**Material provided**

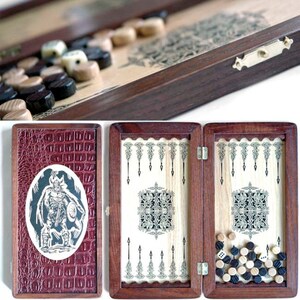 Könnte beinhalten: Ein Backgammon-Set aus Holz mit roter Lederausstattung und einem Wikingerkrieger-Design. Das Set ist geöffnet und zeigt die Spielfläche mit schwarzen und weißen Spielsteinen.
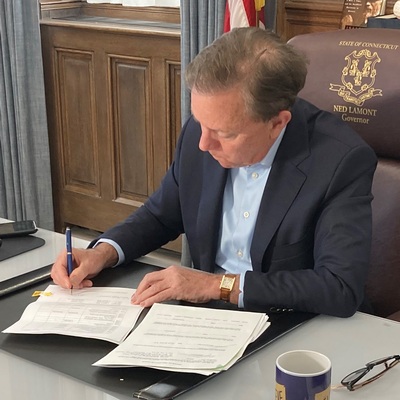 Governor Ned Lamont signs the gas tax holiday into law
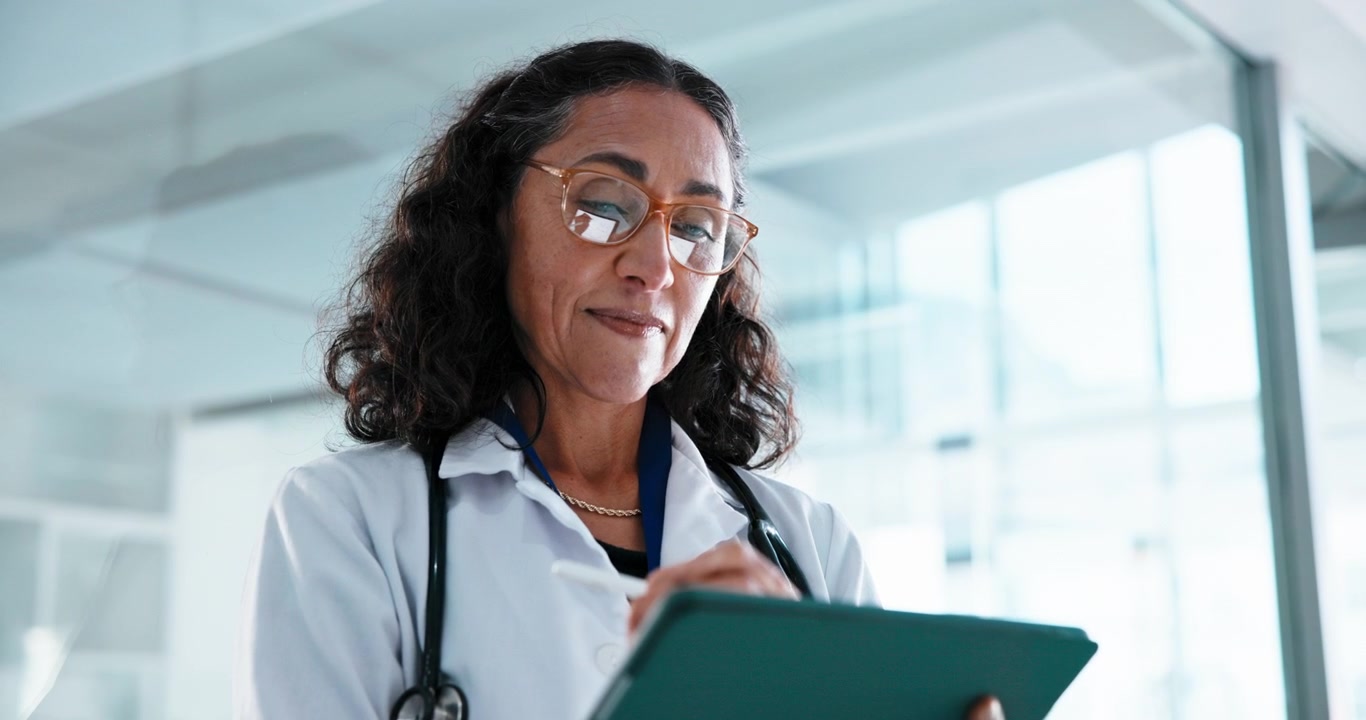 Mature Female Doctor Using Digital Tablet in Hospital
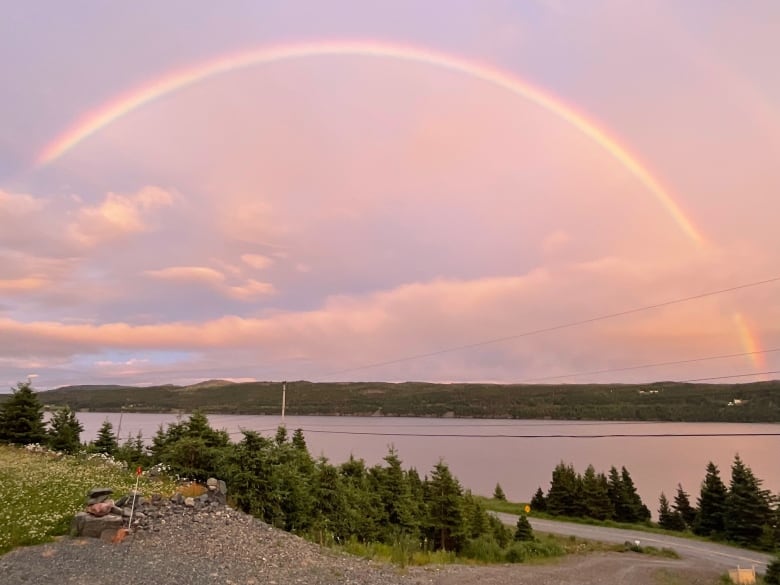 Rainbow over water with a bright sky.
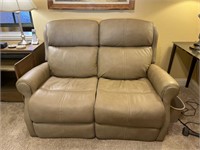 Leather loveseat, recliner. Reclines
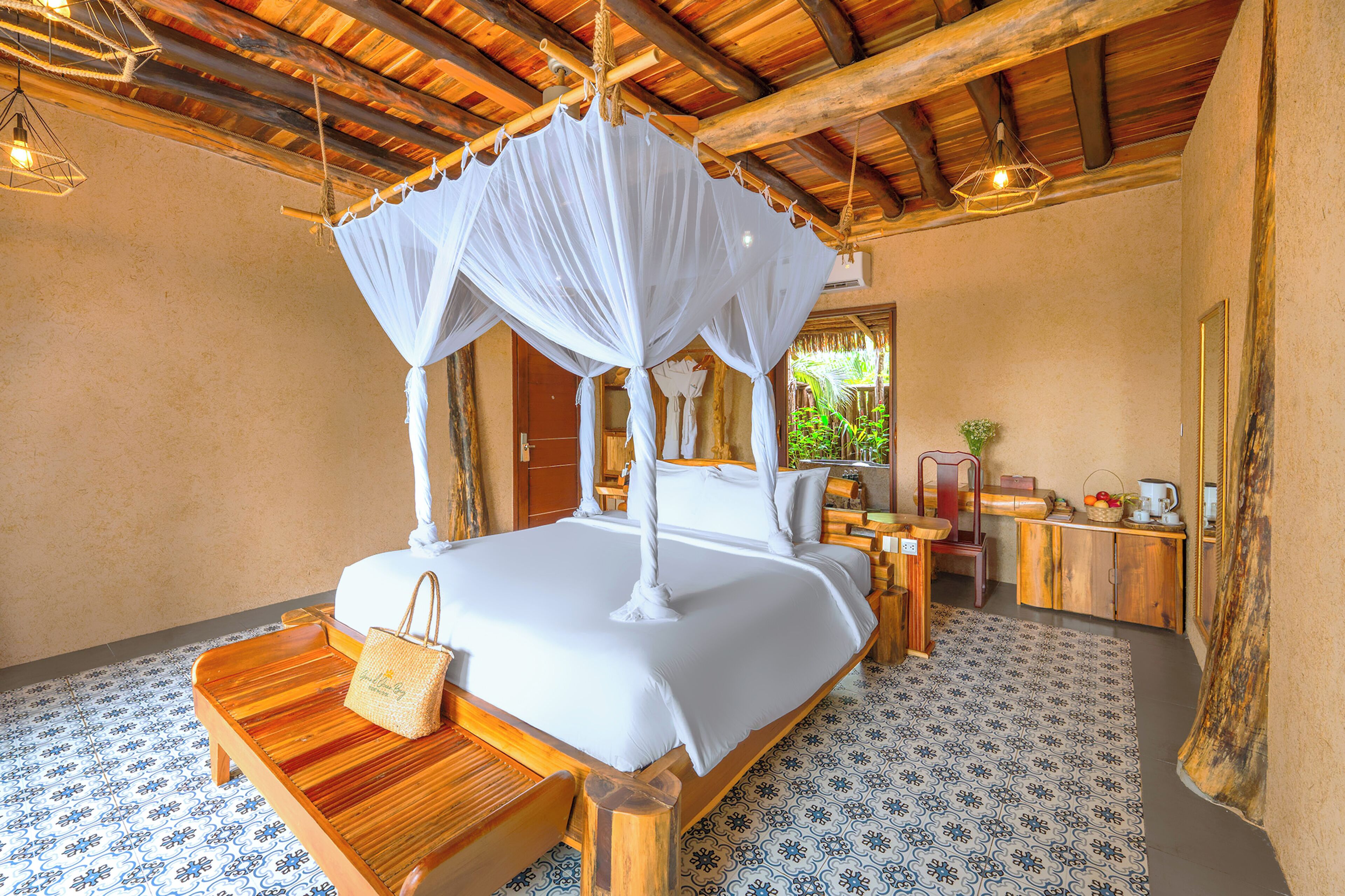 A spacious bedroom with a canopy bed, a wooden bench, and a small table with a handbag.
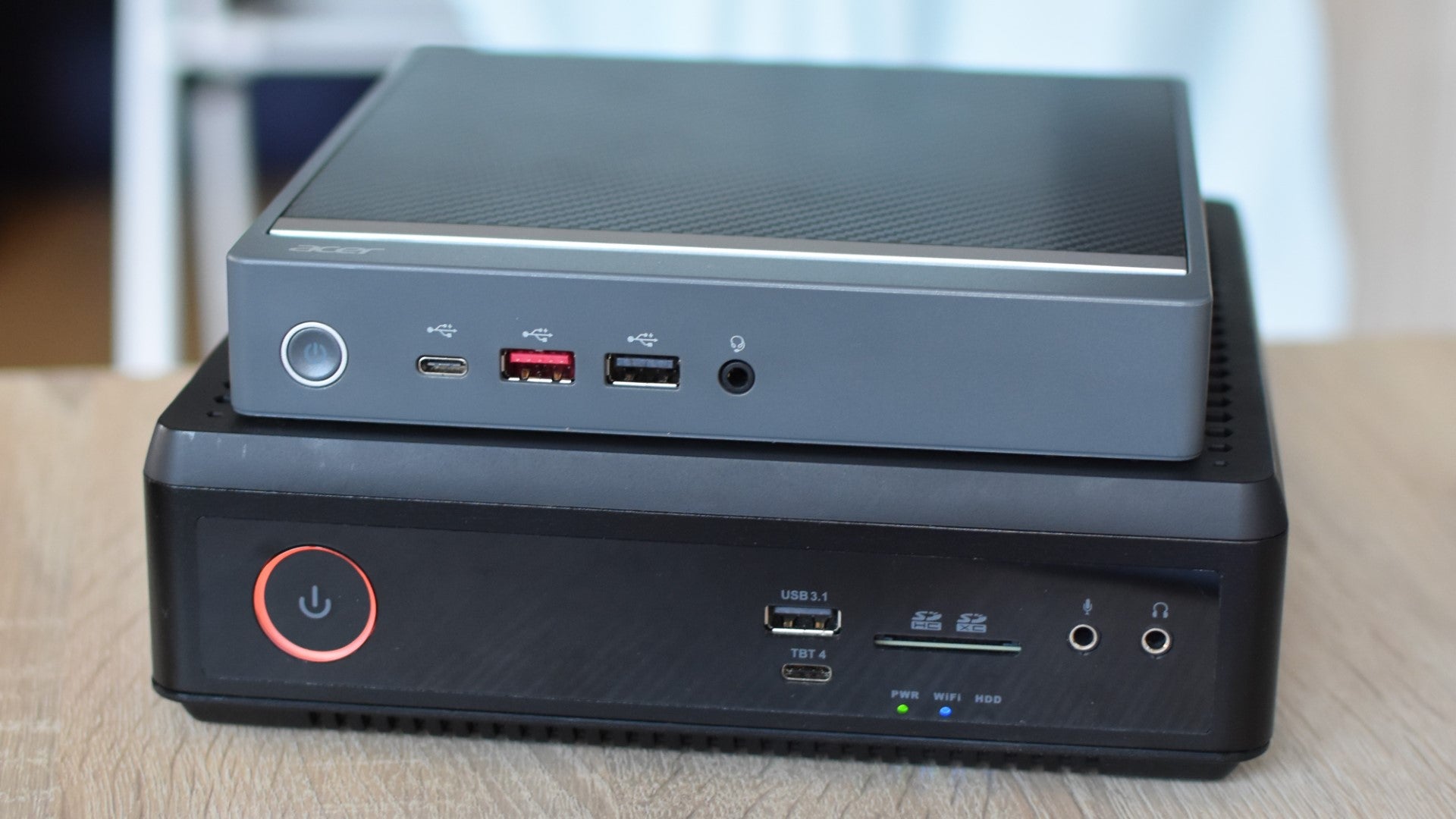 An Acer Revo Box mini PC stacked on top of a Zotac ZBOX Magnus EN374070C. - 3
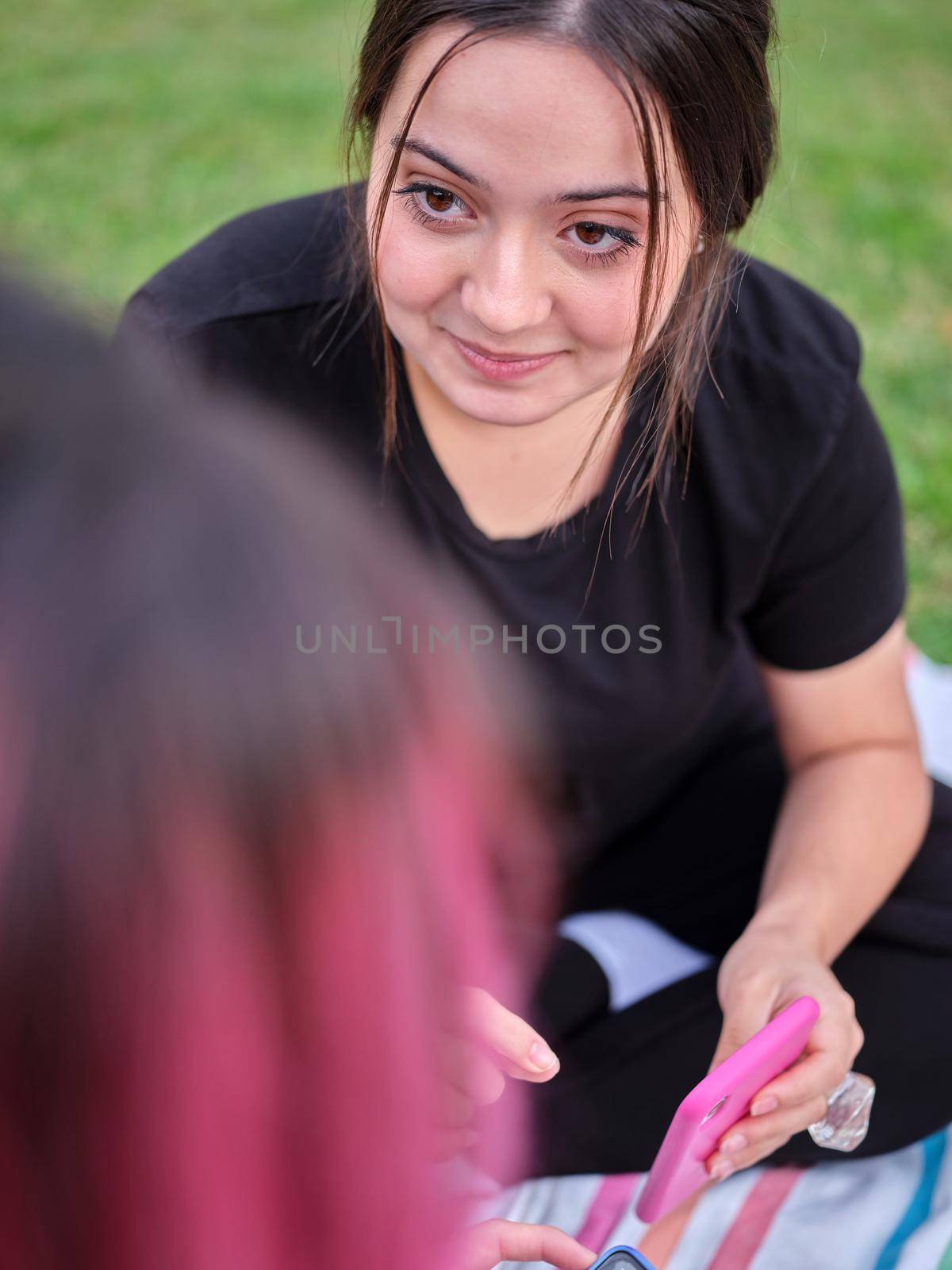 woman in black clothes gazing at her friend and showing her mobile phone by WesternExoticStockers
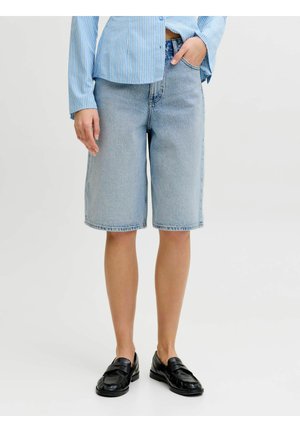 Person iført lyseblå denim knælange shorts, en blåstribet skjorte med knapper og sorte loafers, stående med den ene hånd i lommen.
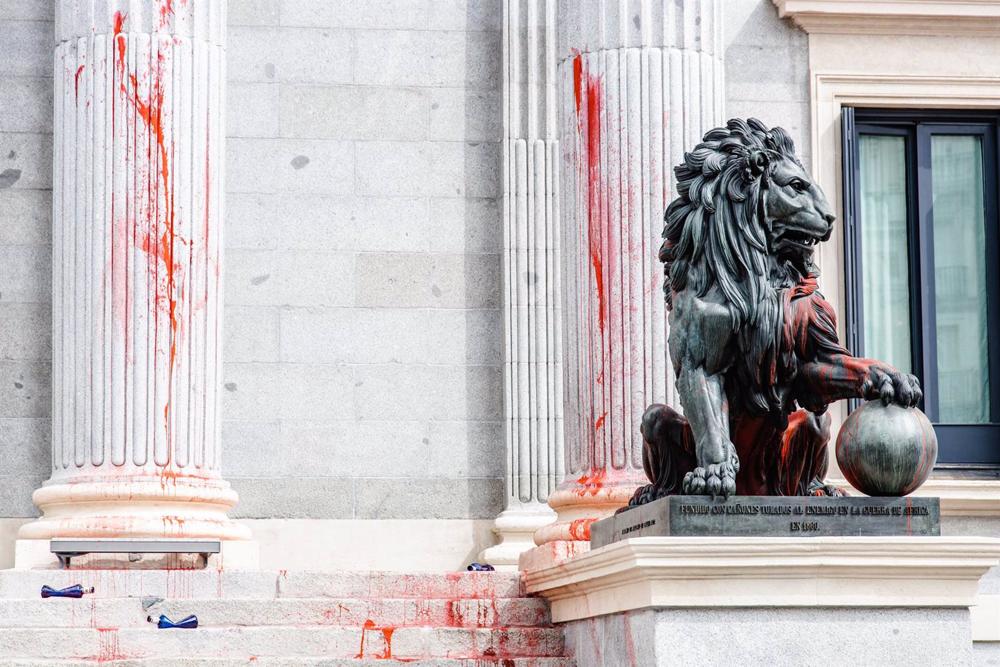 Uno de los leones del Congreso de los Diputados y las columnas teñidas con pintura roja por activistas de Futuro Vegetal y Rebelión Científica, a 30 de marzo de 2023, en Madrid (España). Los activistas han echado pintura roja sobre las escalinatas, column Uno
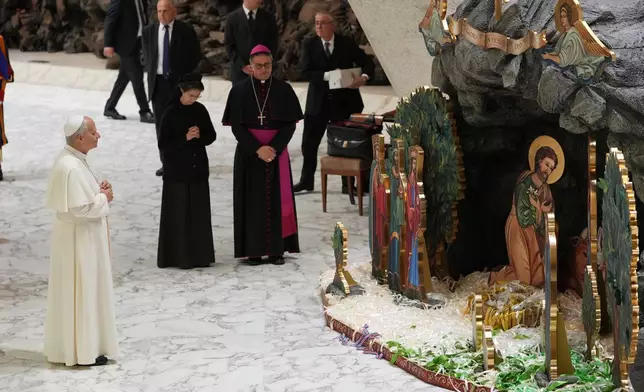 Pope Leo XIV prays in front of Nacimiento Gaudium, a nativity scene set in the Paul VI Hall adorned with 28,000 ribbons representing lives saved from abortion according to Catholic organizations, during an audience with donors of the Christmas tree and of the nativity scenes, at the Vatican Monday, Dec. 15, 2025. (AP Photo/Alessandra Tarantino)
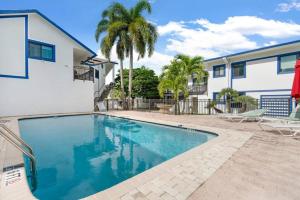 a swimming pool in front of a house at 111 6 Beautiful waterfront apartment near the beach in Fort Lauderdale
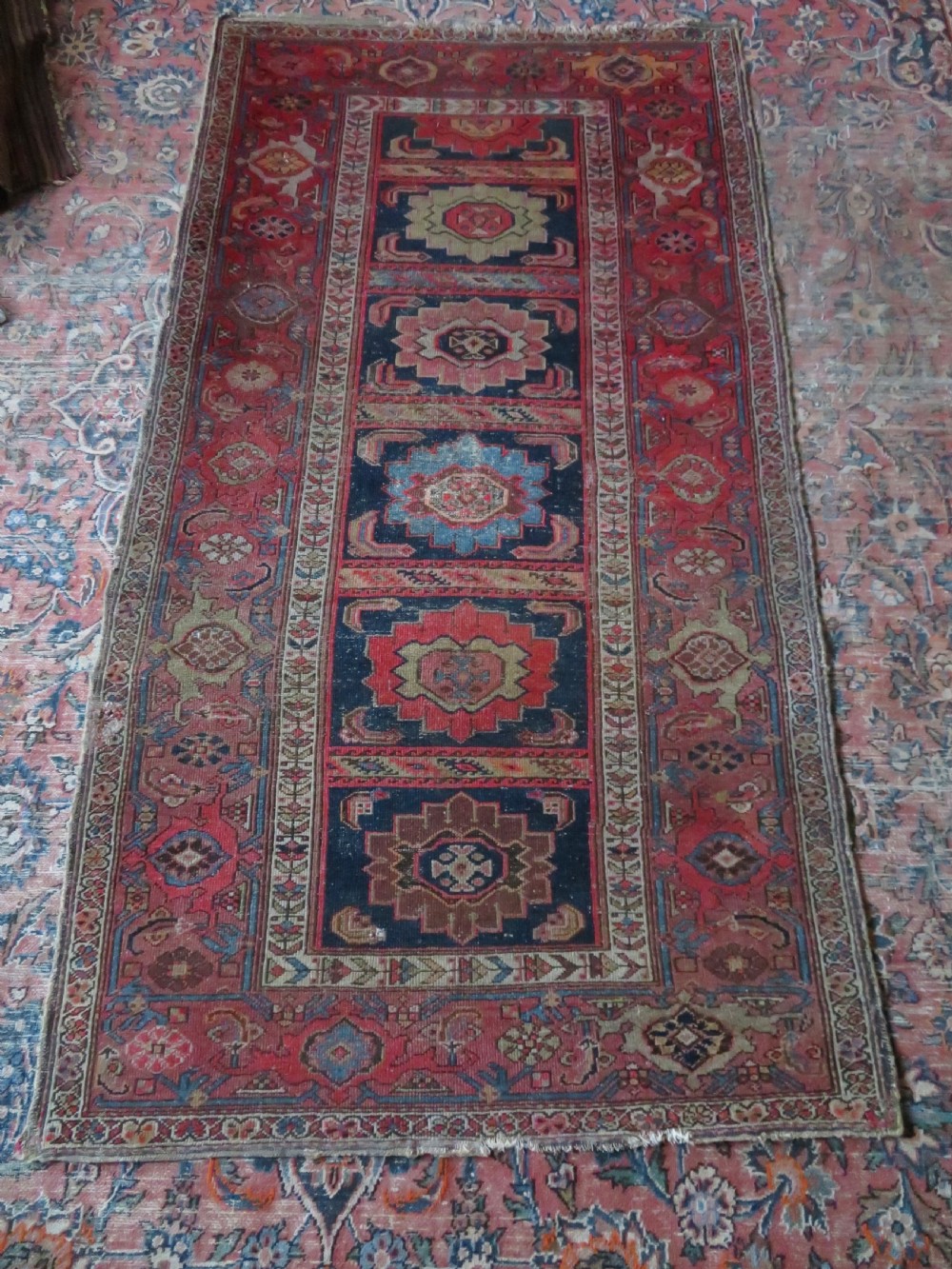 An antique hand-knotted North West Persian long rug featuring five geometric central medallions set against a dark field with a red pattern border. View XX
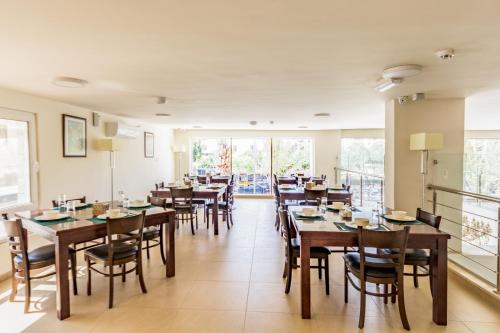 a restaurant with wooden tables and chairs and a balcony at The Seventh Star Hotel Suites in Amman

**What you are asked to do**
Copy out exactly the material that runs from the line with "Governor Ned Lamont" to the line with "A spacious bedroom", ends included, and leave the pictures behind.

**Answer below**
 Governor Ned Lamont signs the gas tax holiday into law
 Mature Female Doctor Using Digital Tablet in Hospital
 Rainbow over water with a bright sky.
 Leather loveseat, recliner. Reclines
 A spacious bedroom with a canopy bed, a wooden bench, and a small table with a handbag.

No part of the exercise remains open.